Authors: Chitra Banerjee Divakaruni
I drove back to the dorm, took a shower, ate some dry cereal, and got to my classes on time. I hadn’t missed much; it wouldn’t be difficult to make up the work. Friends looked at the circles under my eyes and surmised I’d had the flu; I didn’t deny it. I gathered up the money—I hadn’t spent even a dollar—and returned it to the bank.
Later I listened to the messages that had piled up on my cell phone. There were twenty-two—eighteen of them from my father, increasingly frantic as he tried to figure out if something had happened to me. I thought of how he had almost ruined my life. Then I thought, no. I was the one who had headed for the brink; I was the one who had pulled back from it.
When he called that night, I picked up the phone. When he asked where the hell I’d been, I responded with a cool silence that lobbed the question back at him. He must have sensed that same difference in me that had made Jeri and Ripley leave quietly.
“What I told you about, a few days ago,” he said. “All I can say is, I don’t know what came over me.”
He wanted me to express thankfulness, but I would not oblige him.
“Maybe I’d caught a bug or something,” he said.
I didn’t reply.
“What I mean is”—he spoke too fast, the words tripping over one another—“I’m no longer planning to ask your mom for a divorce. In fact, I want you to forget all about that conversation we had.” He must have realized the absurdity of this request, because he amended it. “I’d appreciate it if you don’t bring this up with your
mother.” There was a pleading tone in his voice.
I agreed. Reassured, he asked his regular questions about my health, coursework, and financial stability, and I offered my usual monosyllabic answers. The status quo thus restored, he hung up with relief.
But things were not the same. The relationship between my parents and me had shifted. I was driving, seeing them in my rearview mirror: smaller, shrunken; my mother trustingly oblivious of the fragility of the relationship on which she had based her life; my father without the courage to follow through on what he had—selfishly, illicitly, but truly—desired. Later I would forgive, but for now, I pulled away from them. Perhaps this distancing would have happened anyway, in time. But I felt rushed into it, as though I had yanked off a scab before the wound was healed, leaving behind a throbbing pink spot, the slow blood oozing again. And when I entered relationships of my own, I was careful to withhold the deep core of my being, the place in my mother that would have shattered if she had learned of my father’s betrayal.
I didn’t realize—until this earthquake, until today—that my withholding was a worse kind of betrayal, a betrayal of the self. It was time for me to change.

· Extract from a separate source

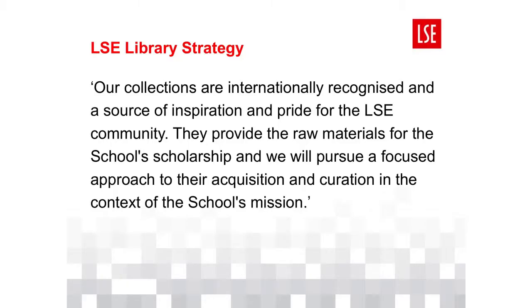I'll begin at the beginning, which is back in 2015, with the launch of a new library strategy which placed collections at the heart of its mission and identity. The strategy committed us to undertaking a comprehensive assessment of the intellectual value and relative significance of all parts of the library's collection.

THERE WERE SOUNDS AGAIN UPSTAIRS, A CLANKING, ADVANCING
noise, as though a different giant—this one in iron shoes—had decided to take a walk. It could be rescuers; it could be parts of the building getting ready to collapse. No one jumped up. It hurt too much to hope indiscriminately. But their eyes were alert. They were aware of the possibilities and ready to accept them. While Uma had been busy telling her story, people had moved around some. Tariq sat between Jiang and Lily, and both of them had laid their heads
on his shoulders. Mangalam had come over to Uma’s table and placed his arm around Malathi. Mrs. Pritchett had wrapped Mr. Pritchett in the black shawl, and he hadn’t objected. Cameron, who had been pressed closer against Uma by these rearrangements, patted her knee as if to say,
Good job
.
But what they didn’t know was that the story wasn’t over yet.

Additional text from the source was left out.